I order const and let according to the distinctive use case. When something does change, let and for things who persist all the same, const.
I think it is a good idea, to check (optionally?) if each let interacts in that way, or if let could also be changed into a const.
I think that way, it is easy to see what does what. Someone new to the code can rely on the keyword, to know if it is potentially changing at runtime.
If that is a stupid idea, just tell me, I am new to programming.
if you want to roll your own,
import macros
type MaybeStatic[T] = static[T] | T
template constLet[T](id:untyped, v:MaybeStatic[T]) =
when v is static:
const id = v
else:
let id = v
proc f(x:MaybeStatic[int]) =
constLet(y,x)
expandMacros:
echo y
f(3)
var x = 2
f(x)
Alternatively to nimpretty or nimsuggest, there could be a diagnostic message letting code authors just change var to let or let to const as they think most helps clarity and their plans for code evolution.
E.g., var-ness unused or run-time-ness unused. I suspect this is the sort of thing being asked for.
Maybe better messages would be "var could be let" or "let could be const" (or I guess the more rare "var could be const"...). Maybe such exists already..I didn't look.
When something does potentially change, I use let
I don't understand. A let binding cannot change; that's what distinguishes it from var. The difference between let and const is that the latter is evaluated at compile time.
I think you mean that the value could be different each time the let is evaluated? In which case we're saying the same thing — it's evaluated at runtime, not compile time.
(When something like let x = .... appears in a proc, there isn't a single variable x whose value changes. Instead, each call to that proc creates a new local variable x with a single immutable value, and x disappears when the proc exits. It's called "lexical scoping". This may not seem like a big distinction, but it is. Some early languages like LISP 1.x did things the way you describe, but it turns out to cause a lot of problems with recursive functions, closures, etc.)
It may partially be the language barrier, but your comments are incoherent. You could replace every const with let and it wouldn't affect program behavior unless the variable is used in a when or {.compiletime.} context. And you could replace every let with const as long as the initializer can be computed at compile time. That's the difference ... neither let nor const values can ever change.
I mean that let can, as an example, read input.
This is a true fact, but it doesn't help to explain what you mean. And const can also read input, at compile time, via staticRead.
The value itself stays the same, but its usage changes.
This does not help explain anything ... it's not at all clear what you mean by "usage".
Const will always be used in the same, predictable way, let can be used in unpredictable ways.
This too does not help to explain anything ... the predictability of how something is used is determined by control flow, not by whether the value was determined at compile time or at runtime.
Yeah, its the language barrier, although all the people involved in this thread already got the idea right, also cblake.
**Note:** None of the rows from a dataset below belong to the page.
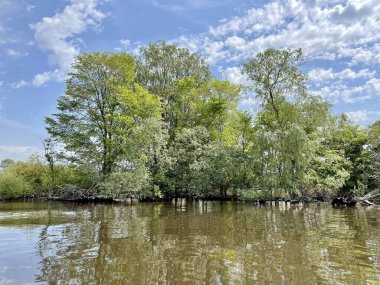 Suyun pürüzsüz yüzeyine yansıyan ağaçlar.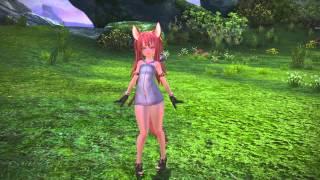 TERA [US,EU] Fate of Arun - Elin Decesensor pack + DOWNLOAD LINK + Steam installation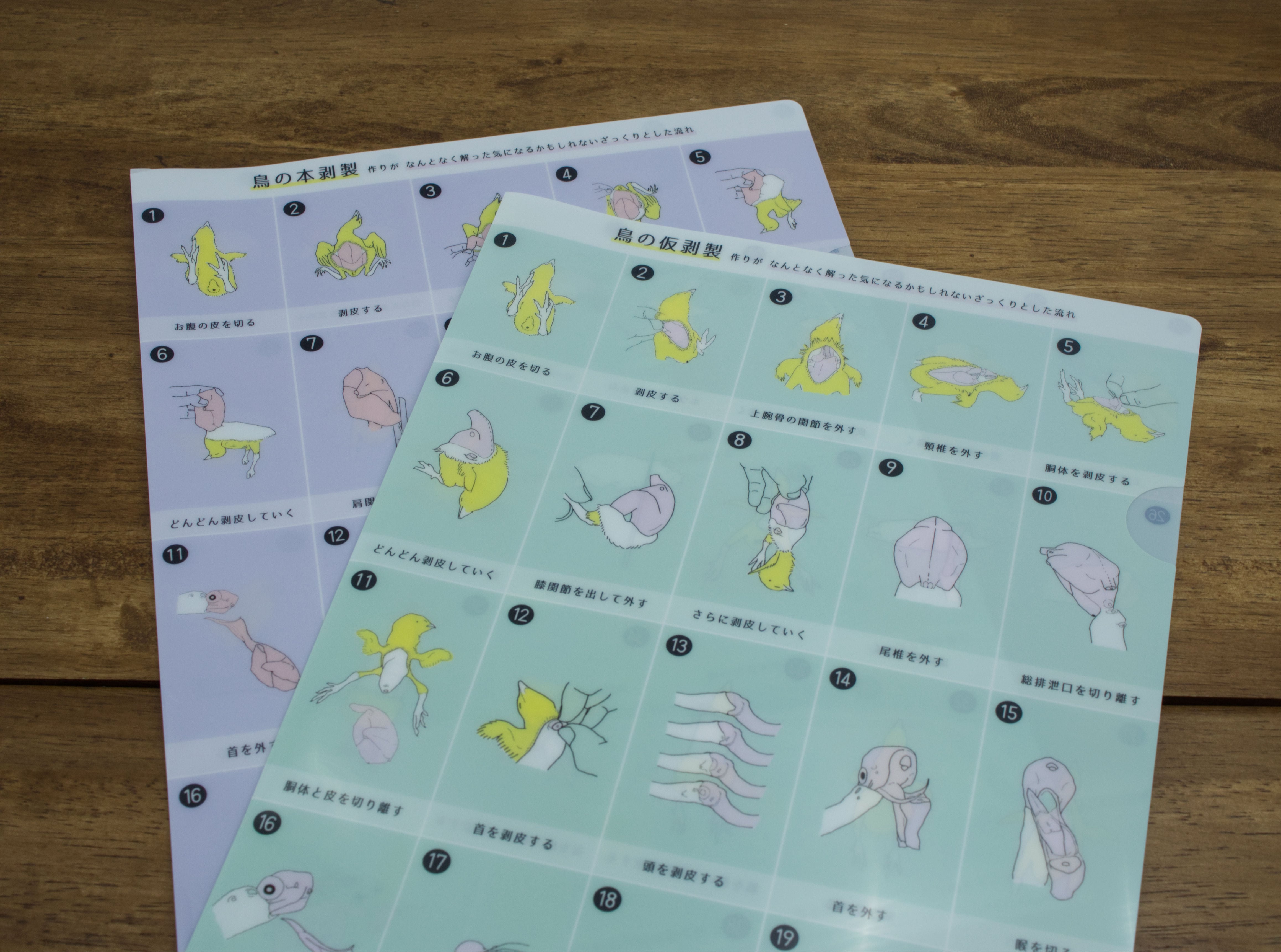 剥製クリアファイル | 浜口標本webショップ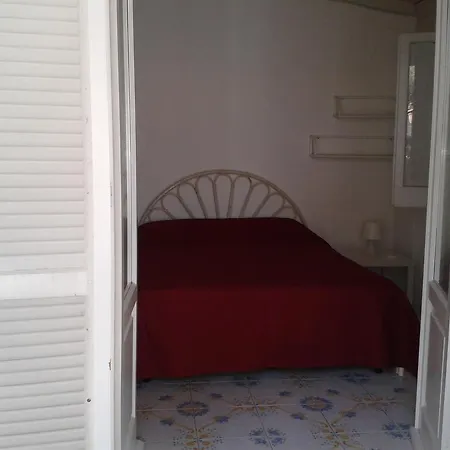 Pitosforo - Ulivo - Cocco *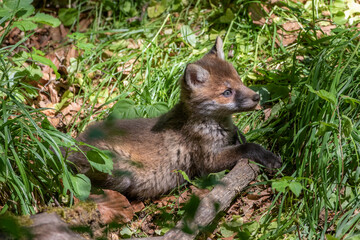 Rotfuchs (Vulpes vulpes) Junger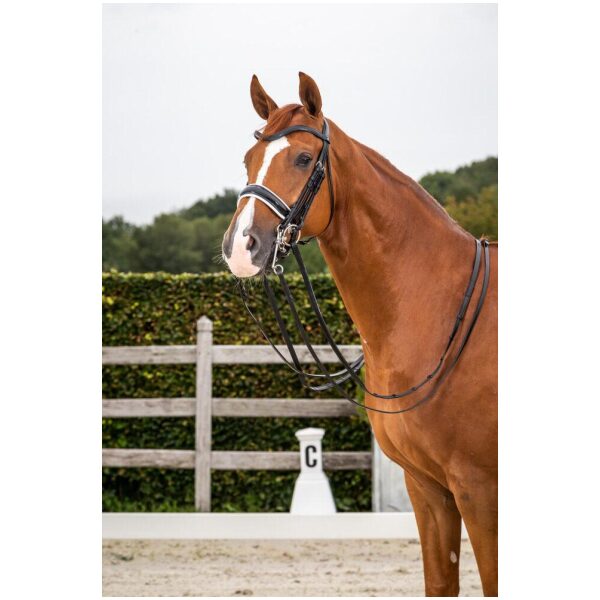 Dyon Patent Large Crank Noseband With White Padding Double Bridle New English Collection XX DC - Bilde 2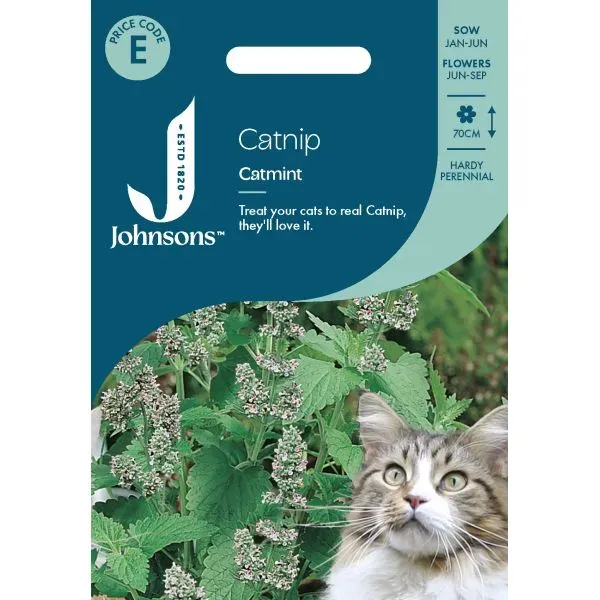 World Botanics Catnip Catmint zaden kattenkruid onbespoten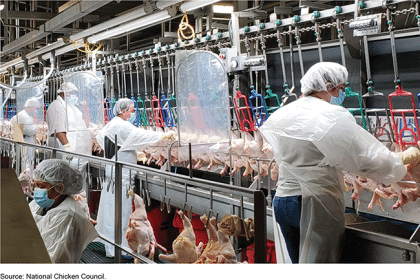 Meat and Poultry Industry in Need of Pandemic Safety Standards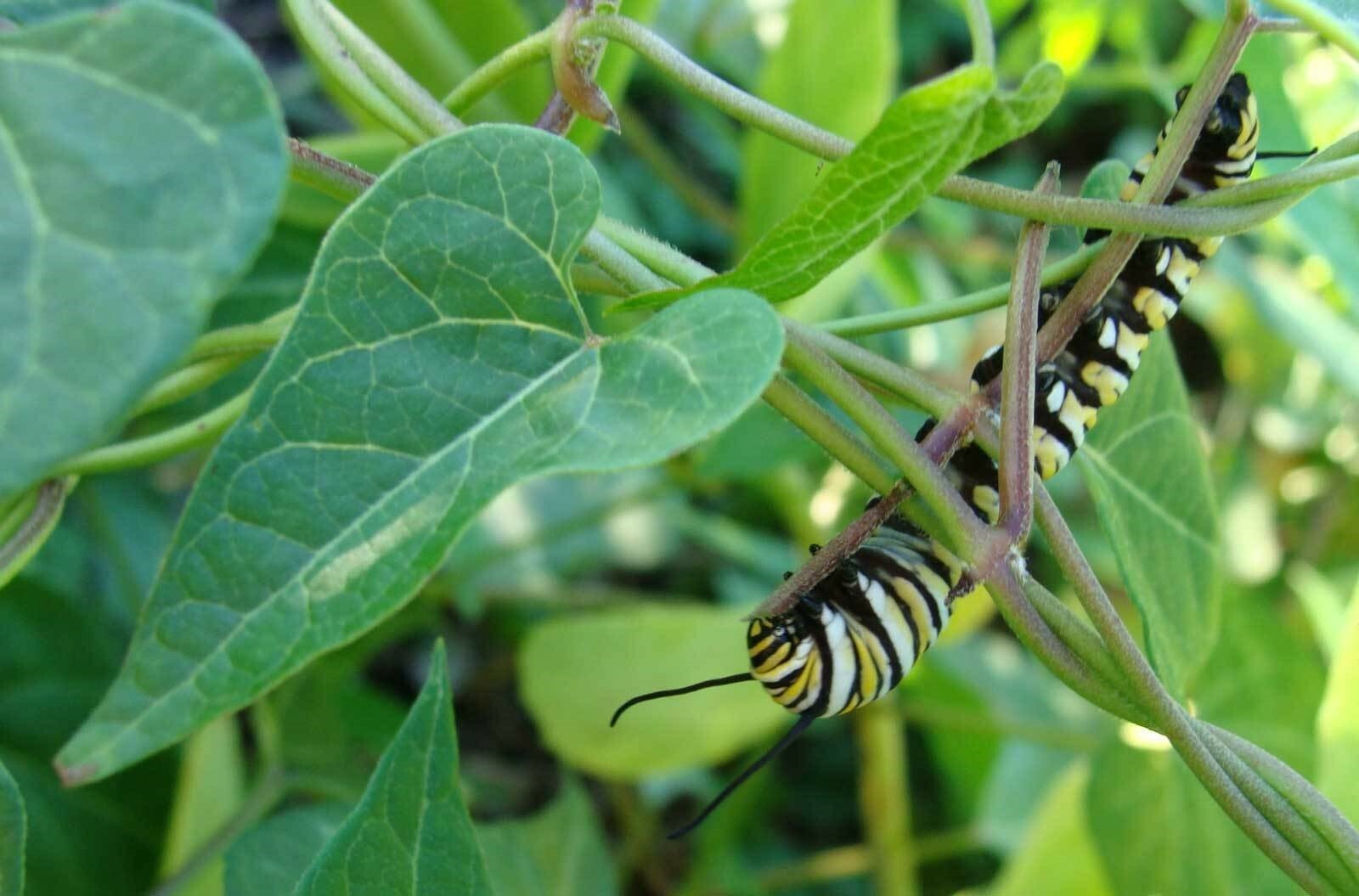 Cynanchum laeve| Sand Vine | Blue Vined Milkweed | 5_Seeds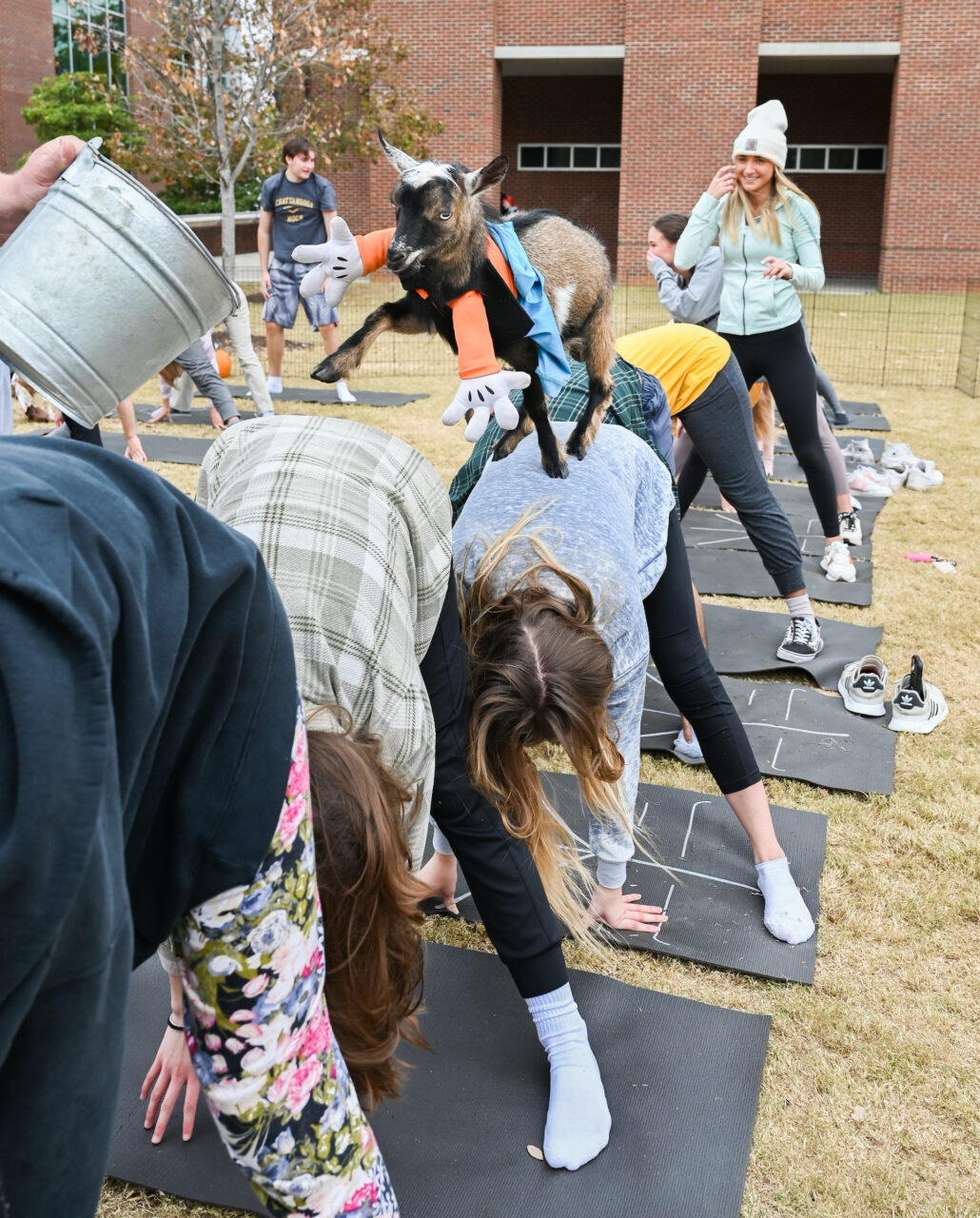 Halloween Goat Yoga class, Wednesday, Oct. 26, 2022 on Chamberlain Field.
I understand that there are details to the implementation who change the meaning of those things, while I try to keep it simple and understand those things on a practical side.
To me, const was always meant to be used for things who represent something like a physical constant, while let is more supposed to change its meaning interactivity, and since that, evaluated at runtime.
I did try to make sense of his ideas in those diagnostic ways
Yeah, sorry, I seem to have missed your comment earlier.
To me, const was always meant to be used for things who represent something like a physical constant
That's just one usage. In a language like Nim, which takes compile-time dynamism to the max, you need a broader view. People write macros that generate consts that are computed, possibly from external files.